Hope that relieves all your worries


----------



## 8dalejr.fan (Nov 20, 2005)

Ok...

1) Very good, thanks. Just some settings and now I can use Windows Media Player 9 on my desktop.

2) Ok, I understand.

3) NO NO NO!!! That's not the visualization. I'm talking about going to a website to watch a streaming VIDEO on the website, the video won't play. Strange colours will play.

*For Example -->* I really want to see a Hell's Kitchen video. Go to http://www.fox.com/hellskitchen/ and click the video tab. I want to watch that video. But the video starts to play in bright green and blue colours. The audio plays but the characters faces are green and blue and unrecognizable. Trust me, it is NOT the visualization screen... I'm very familiar with that.

*Look at this screenie... this is what I am talking about!!! *

I can not watch the video. Instead of playing a movie, colours play. Obviously I'm missing some kind of codec... how can I tell what I need?!?!

When the psychadelic colours appear instead of the video, that's when the dxva_sig appears.

Thanks for the help.


----------



## n7Epsilon (Aug 27, 2004)

Looks like I misunderstood there, sorry  

Well, a very good collection is the K-Lite Codec Pack (get the Standard version). It contains almost all codecs you may ever need. But I suggest installing Windows Media Player 10 first and checking the videos again (and before installing any codec pack) since it works for me in Windows Media Player 10. Also some settings may in ATI's Catalyst control panel (colour correction settings perhaps... I'm not familiar with ATi because I have only used nVidia, nVidia had a bug where the videos would appear washed out and the solution was in that) may have caused this, try disabling the wmv video acceleration.


----------



## 8dalejr.fan (Nov 20, 2005)

Sorry for getting kinda anxious in that last reply.  

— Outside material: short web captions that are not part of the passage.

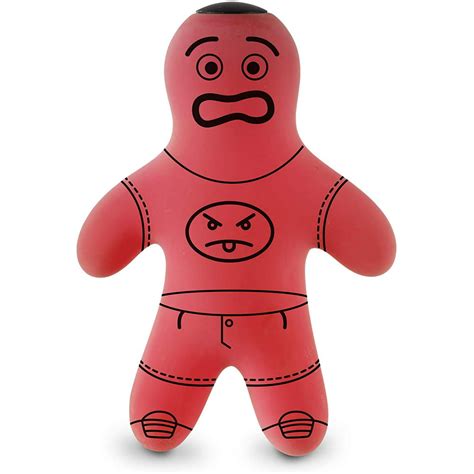 Flexible Stress Reliever Man Durable Human Shaped Stress Relief Toys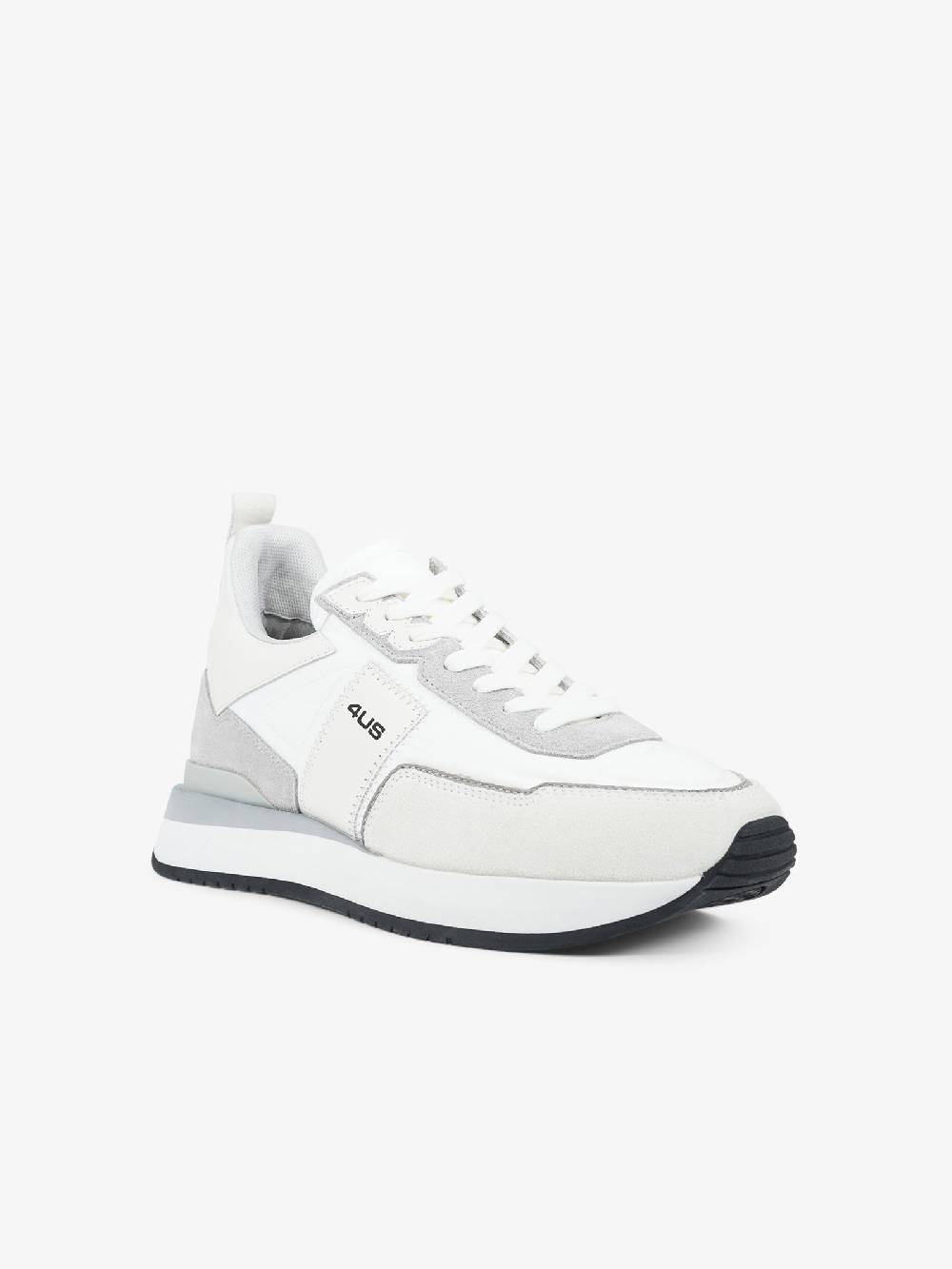 PACIOTTI Sneakers SEAN 400-05 uomo pelle bianco Offerte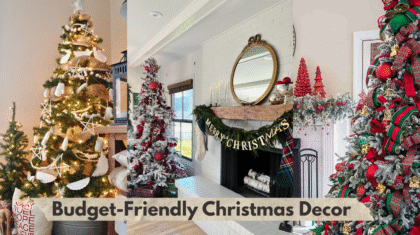 Budget-Friendly Christmas Decor Ideas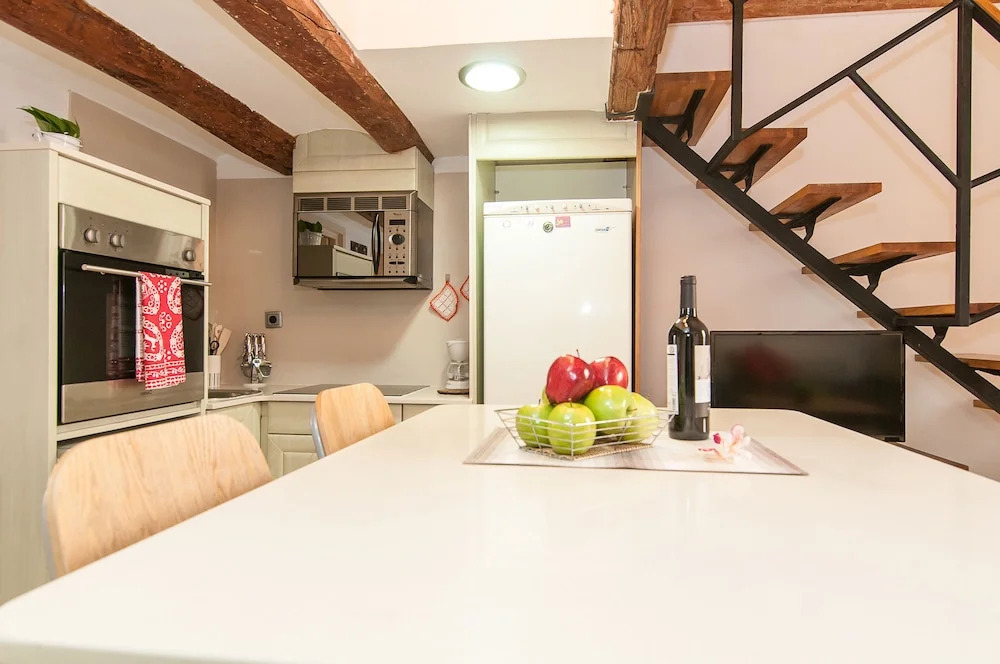 Bogatell Beach Stylish loft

I believe this problem started initially after going from standard CD drivers with my ATI card to the Catalyst Control Centre. 

Perhaps it is a setting in the CCC?

I'll try Windows Media Player 10 and see if that helps. Got a link to the download?  :up:


----------



## n7Epsilon (Aug 27, 2004)

Try this: Windows Media Player 10 Setup for Windows XP

Don't forget to visit Windows Update after that as there have been several fixes to it since.


----------



## 8dalejr.fan (Nov 20, 2005)

Ok, thanks! 

I'll try tomorrow. I have to upgrade the Windows Update software first so it can find new updates to download, then I have to install all of them. Then I'll see if it works.

I never messed with Windows Media Player, so there really is no reason as to why the psychadelic colours are there (but they are there! lol ) unless something was altered with that Catalyst Control Centre. 

Hopefully WMP 10 will fix all that... Thanks for the help and I'll let you know how it goes.


----------



## mattfl2 (Jun 15, 2007)

Hey. 

I recently had this problem on a school computer. I found that the problem was WMP itself. If you still have WMP 9, try this:

Tools -> Options -> Performance tab -> Advanced -> Under "Video Acceleration," uncheck "Use video mixing renderer", and do the same under DVD (assuming you don't want your DVDs to be brightly colored and splotchy). Should work after that.

It's not a problem with any codecs, just WMP itself.


----------